Exercise requirements: An exact transcription of the entries is required, with none of the pictures carried over.

Material for the task:
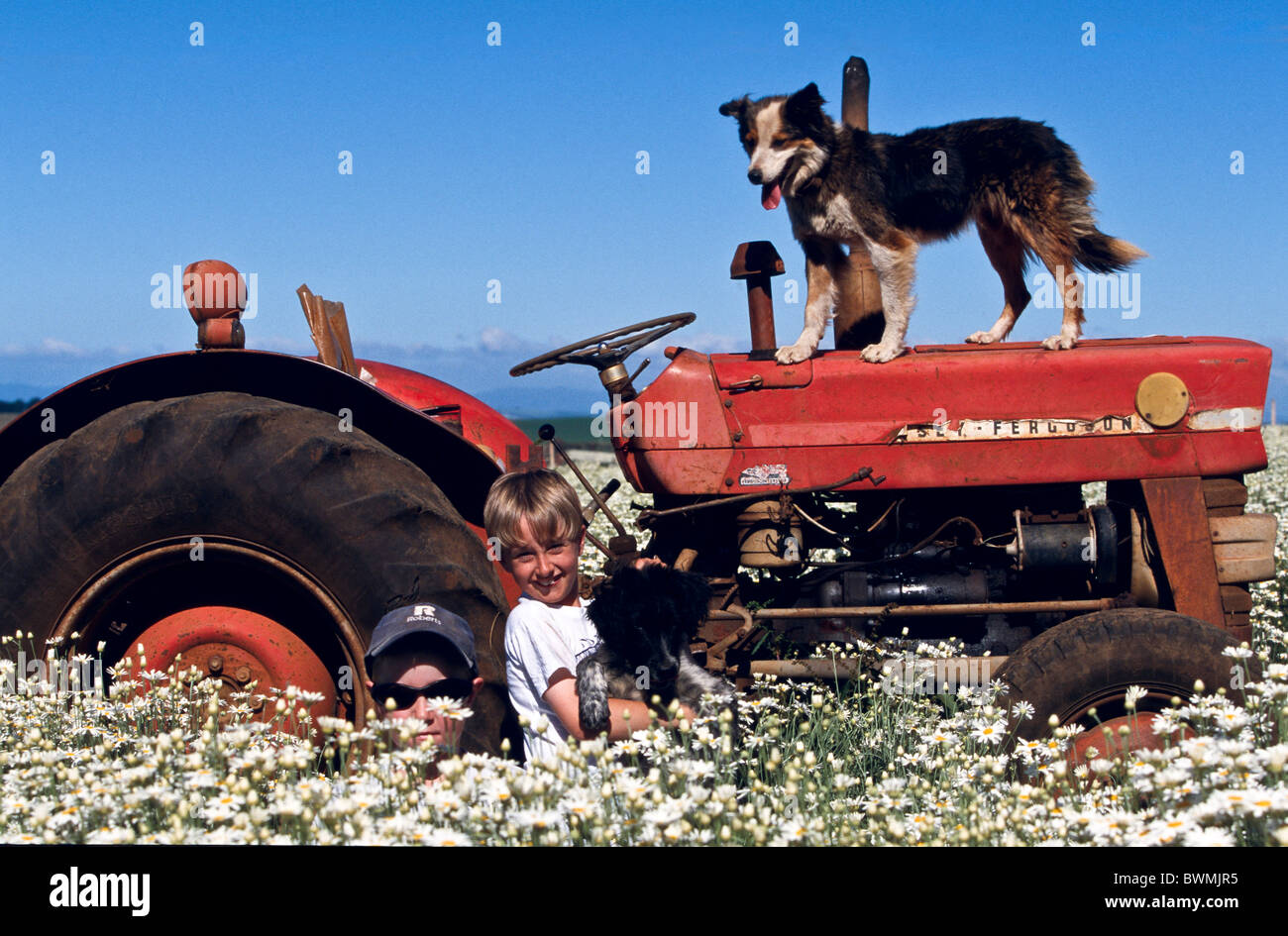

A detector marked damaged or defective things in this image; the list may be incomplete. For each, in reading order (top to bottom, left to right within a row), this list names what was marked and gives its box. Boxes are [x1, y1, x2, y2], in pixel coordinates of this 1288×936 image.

rusty metal [721, 240, 781, 357]
rusty metal [634, 466, 872, 527]
rusty metal [705, 598, 1118, 622]
rusty metal [1133, 475, 1221, 630]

Written answer:
A detector marked damaged or defective things in this image; the list may be incomplete. For each, in reading order (top to bottom, left to right within a row), this list names what was marked and gives its box. Boxes are [x1, y1, x2, y2], in pixel coordinates of this 1288×936 image.

rusty metal [721, 240, 781, 357]
rusty metal [634, 466, 872, 527]
rusty metal [705, 598, 1118, 622]
rusty metal [1133, 475, 1221, 630]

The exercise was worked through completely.